I find Scheherazade’s metaphor of bricks and mortar beautiful.
Bricks and mortar — these are words to describe what and how you choose to share yourself with those surrounding you.
A brick is when you share about a big-ass project you’ve done all the way in New York.
It’s about the trip to India you’ve recently enjoyed and the kilos you’ve gained after munching all that delicious curry.
The four birthday parties you’ve attended in succession at Barcode, the long marathon evening of Room 18 and KTV afterwards, and how crazy you feel being young again?
The exam you’ve been studying hard for and that your family is back home in the Philippines.
These and many more examples I’m sure any of you can contribute as bricks.
These bricks — they are the bedrock of our conversations with friends, family and acquaintances.
They are answers to questions such as, “How was your weekend?” “What have you been up to?” or “Who was that?”
Bricks can be answered in 30 seconds or a few hours depending on how many details you’re willing to expound on.

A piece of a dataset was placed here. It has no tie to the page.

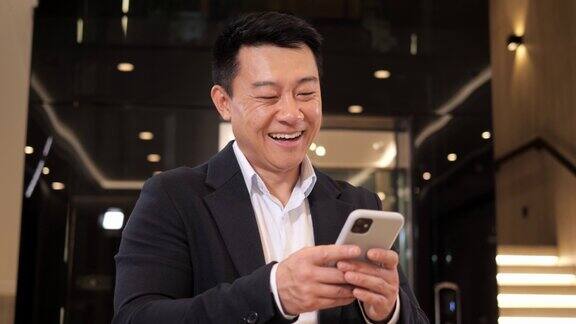 年轻英俊积极的商务男子手持智能手机设备发短信站在大厅办公室微笑使用移动应用程序在社交媒体聊天上网在室内电话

They are information you share widely and freely, opening yourself to those around you so that they too can discover who you are.
But mortar?
Mortar is all about intimacy.
In Sherry’s words, “They’re about attentiveness and partnership and a shared experience, in a way that the coffee shop conversations about career or relationships isn’t, really.”

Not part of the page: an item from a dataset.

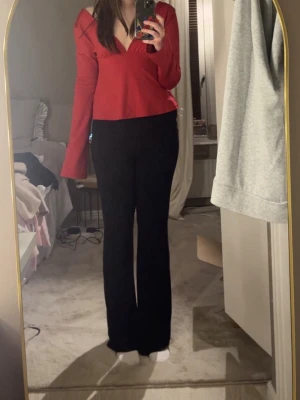 Röd topp med öppen rygg- Nelly - Trendig röd långärmad topp med djup v-ringning framtill och snygg öppen rygg. Toppen har en figurnära passform och är tillverkad i ett mjukt, stretchigt material som sitter bekvämt. Perfekt för dig som vill sticka ut med en cool och modern look.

It’s about your deepest, darkest fears of failure, and how it motivates you to strive to become more than the ordinary.
It’s about how you truly feel about your family or your work, and the sheer
honesty of the words you usually don’t utter scares you.
Mortar is sometimes about nonchalance about certain things, and if you don’t feel bad about thinking certain thoughts, does that make you a bad person?
Mortar is also about the most mundane things we never truly share with others because you think they’d find it too boring. It’s about the routine you go about in the morning preparing for work, the fact that you only want a dash of cream and no sugar with your coffee, a statement from the history book you’re reading that you find interesting.
It’s about reminiscing about the past, of regrets, of demons, of joys, of memories.
Mortar is sharing that you’ve closed your eyes when you walked to work today because you loved the smell of wet grass on the ground.
Most of our friendships are made up of bricks, not mortar.
More often than not, we exchange cordialities without really diving into the heart of the matter. We smile and talk; yet we never really touch each other’s souls or discover what lay beyond that “I am confident” façade.
We do this because it’s simpler, and a lot less riskier.
Cutting to the core of things can be scary — when you open yourself up to the other, you become more vulnerable.
Not only are you risking that the other wouldn’t really like what you reveal, or that what you may show, others may not want to see, but the process of opening yourself up to others is also a process of self-reflection — you never know what you may discover about yourself. It’s about facing both your demons and angels.
Personally, I love talking bricks, but not as much as I love talking mortar.
Inasmuch that I’m found on some of the more happening parties and events with huge groups of people, my fondest memories of Taiwan are usually one-on-one conversations with just me and the other.
They can be found either in steps of the Chang Kai Shek Memorial Hall, at brunch in Grandma Nittis, strolling around the slick streets of Taipei in the evening, enjoying a glass of wine at Cain, or sitting outside 7-Eleven with a Smirnoff Ice on hand and watching life pass you by.
I’ve had them outside the steps of the Far Eastern Shangri-La Hotel, getting bitten by mosquitoes at Daan Park or during one chilling dawn at Yangming Mountain while waiting for the sunrise.
Mortars oftentimes start off as bricks, and before you know it, you’re sharing intimate thoughts and memories. I would like to think that there are those special people you trust, knowingly or otherwise, that you somehow throw mortars at, or just want to get to know better. They are those who you look at and decide, “Yes, I’d like this person to be more than an acquaintance. I would really like to get to know this person, find out who he is and open myself up at the same time.”
It is this intimacy that I desire, something I can never really get enough of — the opening yourself up and letting someone in. It also includes the joy of discovering the other as well: their pride, their joys, their desires and their fears.
Yes, mortar is all about intimacy. It comes in losing a sense of that control, to throw caution to the wind and just let that person in.
And yes, I do miss it — call me crazy but I’d do anything just to be that vulnerable again. Mortar does come far in between, but when they arrive, they make the waiting all worthwhile.